When you’re trying to buy your first home, there’s lots to think about. Raising a deposit, getting a mortgage, finding somewhere you like in your price bracket.
And then, once you’ve viewed the property and made an offer, there’s the wait to see if it will be accepted.
Potential stress-fest? It doesn’t have to be. If you have a clear strategy, you give yourself every chance of success (and a good night’s sleep).
When it comes to making an offer, it’s worth remembering that, if you like a property that’s for sale, it’s almost certain someone else will also be keen.
In fact, there could be several would-be buyers jostling to get their hands on the property.
That means you’re in a competition. Having a plan can help put you in pole position to win.
Here are the core elements of your strategy for success when you make your offer.
Get a ‘mortgage in principle’
A mortgage in principle confirms to a seller and their estate agent that you deserve to be taken seriously as a potential buyer.
It’s a statement from a bank or building society that says it is willing to lend you a certain amount of money, so you can show that you can afford the property and that the transaction has every chance of proceeding smoothly.
If you’re up against another would-be buyer who doesn’t have a mortgage in principle, your having one could be the deciding factor (note that in Scotland you must have one before you submit a bid).
A mortgage in principle is based on your financial situation and usually lasts for between two and three months. After that, the lender will probably want to check nothing major has changed with your finances.
And as it’s ‘in principle’, there’s no guarantee you’ll get the actual loan on the same terms if you circumstances have altered or if, say, interest rates have gone up.
Put in a realistic offer
There’s a fine art to making an offer on a property. Too high and you risk paying more than you need. Too low and you might be beaten to the prize by another buyer.
So how do you work out what your offer should be?
The best place to start is with our house price research tool. You enter the address of the property you’re interested in and we provide an estimate of what it is currently worth along with information on prices for other properties in the same street.
If the data exists, we can also tell you how much your target property fetched last time it was sold.
Armed with this information, you should begin to get a sense of how close your offer needs to be to the listed asking price.
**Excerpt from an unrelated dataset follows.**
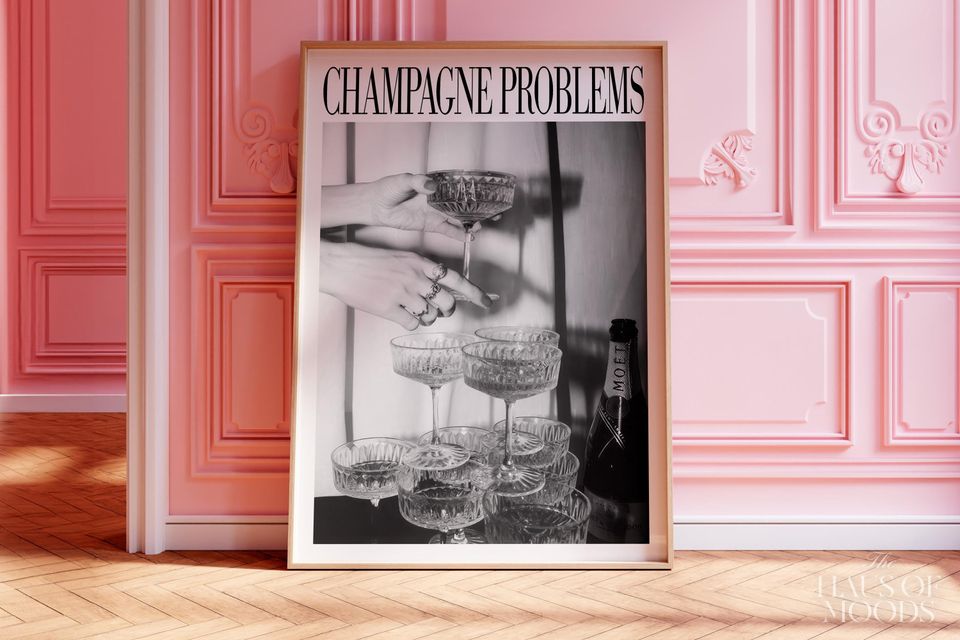 Champagne Glasses Print | Champagne Problems Print Gift | Bar Cart Wall Art | Luxury Bar Cart Decor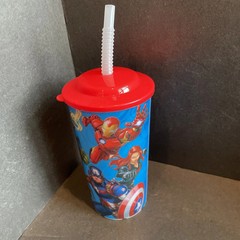 Marvel Avengers Heroes Characters 16oz Sports Tumbler w/ Straw Blue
Talking to the estate agent will also help. They represent the seller, of course, and they want to get the best price they can. But they’re professionals who understand the local market better than anyone and who know what a realistic price would be.
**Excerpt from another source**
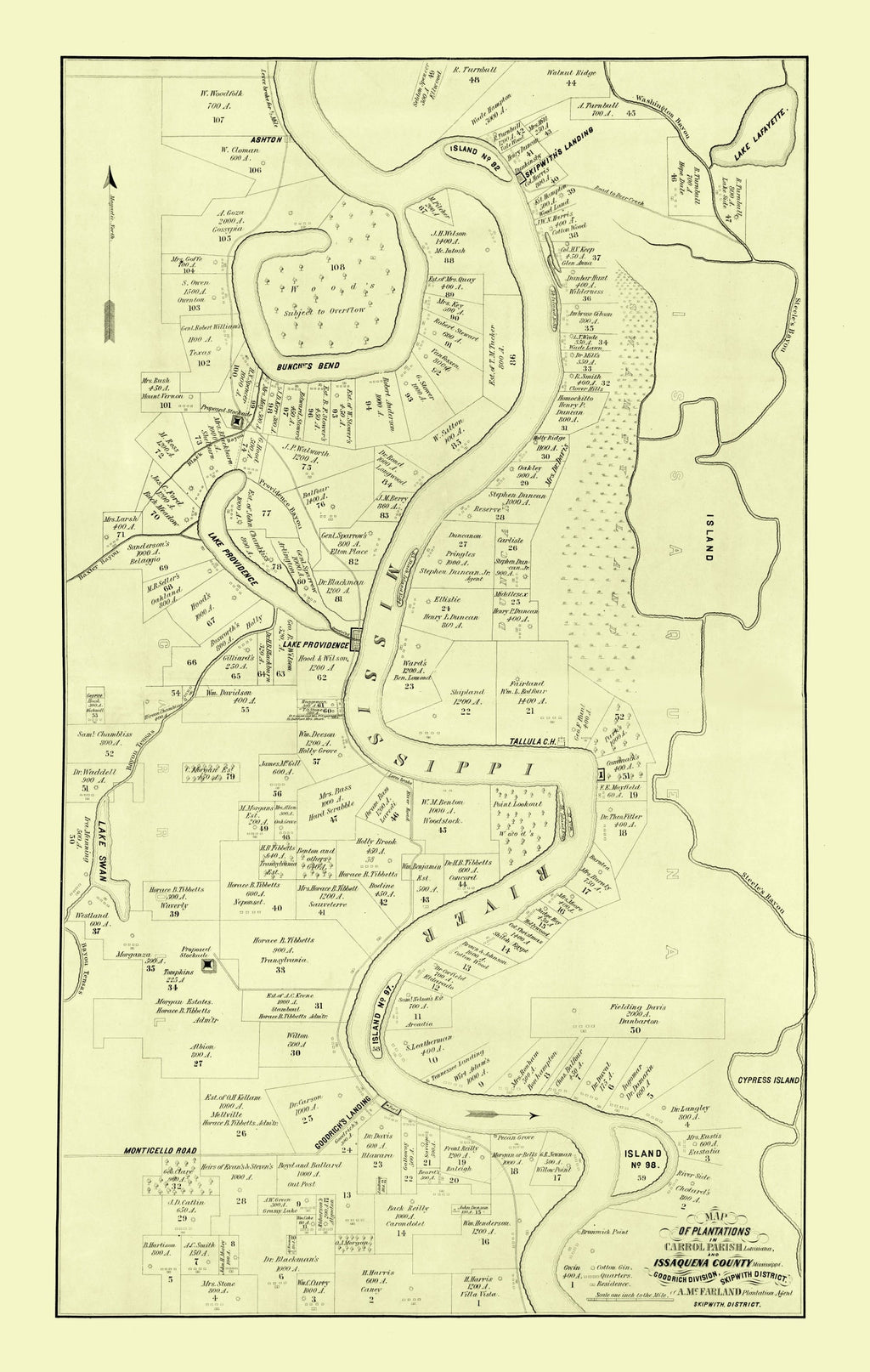 Vintage Map of Carroll Parish, Louisiana 1860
Give yourself some room to negotiate
OK, so you’ve done your research, chatted to the estate agent, and made what you believe is a reasonable offer for the property.
The next thing that you’ll hear is whether your offer has been accepted or not.
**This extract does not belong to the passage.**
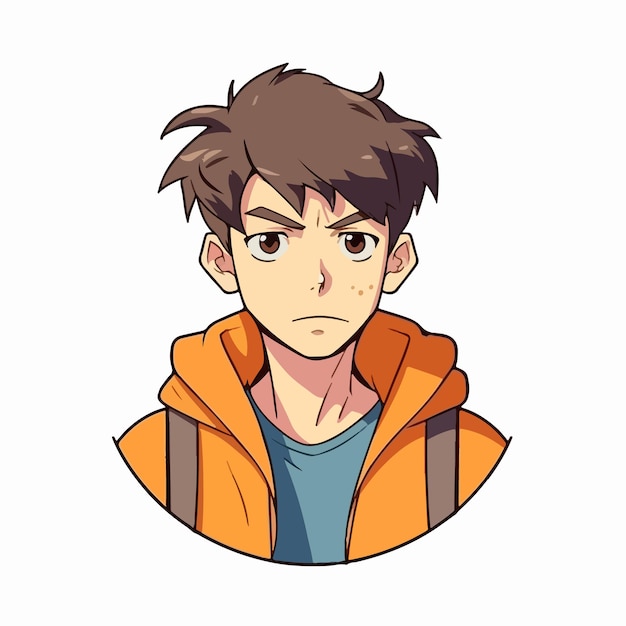 A anime style male character vector illustration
If it hasn’t, you can decide whether or not to increase it – provided, of course, you’ve got the funds available to pay a higher asking price (and to pay the required 10% deposit, which is due if and when you exchange contracts further down the line).
If you don’t want to or can’t increase your offer, you can try to negotiate with the estate agent.
The main bargaining chip at your disposal is that you’re a first-time buyer. That means you don’t have a property to sell, so you are not in a property chain.
That can be very attractive to a seller if they in turn are trying to secure their next property and want to sell their existing one quickly.
In fact, escaping the constrictions of a property chain might be attractive enough for the seller to tell their agent to accept a lower offer than one from someone who is in a chain.
It’s certainly worth pushing this point if you are at or close to the upper limit of what you can afford.
Get the property taken off the market
Once your office is accepted, get the estate agent to take the property off the market. There’s nothing legally binding about making or accepting an offer, so if another buyer arrives on the scene and improves on your offer, the seller is able to accept it.
That’s known as gazumping, and there’s less chance of it happening if the property is no longer listed.